The makeup room was filled with the soft hum of activity as you sat in a chair, watching Tom annoy Rachel for the millionth time. You smile to yourself, she's the only person you know here. It was your first time joining him on set, and Tom and Harrison had hyped you up endlessly, saying you'd get along with everyone. Still, the nervous butterflies in your stomach hadn’t quite settled.
Rachel noticed your anxious energy and gave you a kind smile as she brushed powder across Tom's face. "Don’t worry, hun, everyone’s going to love you. Besides, if you survive this idiot’s teasing, you can handle anything," she teased, nudging Tom with her elbow.
Tom, dressed in his Peter Parker outfit, grinned mischievously at Rachel. "Oi, I’m a delight, you know that."
Rachel rolled her eyes dramatically, but the smile tugging at her lips gave her away. "Sure, Holland. Now stop moving, or I’m going to make Peter look like he spent the night in a dumpster."
You giggled, watching the exchange. Tom’s eyes lit up at the sound of your laughter, and he winked at you in the mirror. "Well, look at that, it’s Peter Parker," he said in a mock-serious tone, puffing out his chest as if he were about to save the day.
You shook your head, biting your lip to stop a laugh. "More like Peter Dorker."
Tom gasped, placing a hand dramatically on his chest. "Wow, babe. Betrayal, right here. Rachel, back me up."
Rachel smirked. "Sorry, Tom. She’s got a point."
He pouted, spinning around in the chair. "I knew bringing you here would be a mistake. You’re all conspiring against me."
You smiled softly. Being here with him made your nerves simmer down, but there was still a lot ahead—meeting his friends, the ones he had talked so much about.

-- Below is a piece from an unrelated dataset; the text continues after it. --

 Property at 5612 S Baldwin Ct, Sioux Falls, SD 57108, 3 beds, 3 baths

After a bit more back-and-forth banter, Tom’s scene was about to start filming, so you followed him to the set with Harrison. The set was buzzing with activity, and Tom jogged off to prepare while you sat down with Haz, watching him from afar.

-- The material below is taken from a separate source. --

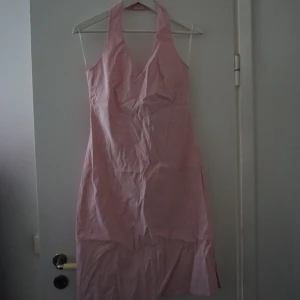 Rosa klänning - Rosa klänning köpt secondhand. Helt oanvänd. Allt jag säljer vill jag bli av med innan den 20/11 då jag flyttar utomlands, pruta på och om ni vill ha fler produkter kan jag lösa paketpris💯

Harrison leaned over, nudging you. "Relax, Y/n. You’re gonna be fine. They’re super chill."
"I’m not nervous," you muttered, though your fidgeting hands gave you away.
Harrison gave you a knowing look. "Sure, sure. You know you don’t have to impress anyone, right? They’ll love you. Especially after all the stuff Tom’s said about you."

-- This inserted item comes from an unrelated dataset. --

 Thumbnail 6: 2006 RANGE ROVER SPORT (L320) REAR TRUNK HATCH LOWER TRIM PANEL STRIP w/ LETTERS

Before you could respond, you saw two figures walking toward you. It was Zendaya and Jacob, and your heart skipped a beat.
"Hey, Haz!" Zendaya greeted, flashing him a bright smile. Then her gaze shifted to you, and she grinned wider. "And you must be the famous Y/n!"
Jacob grinned too. "Yeah, Tom doesn’t shut up about you."
Your eyes widened, and a flush of embarrassment crept up your cheeks. "H-He doesn’t?"
Harrison snickered, jumping in before you could say more. "Guys, this is Y/n, my best friend and unfortunately also Tom’s girlfriend."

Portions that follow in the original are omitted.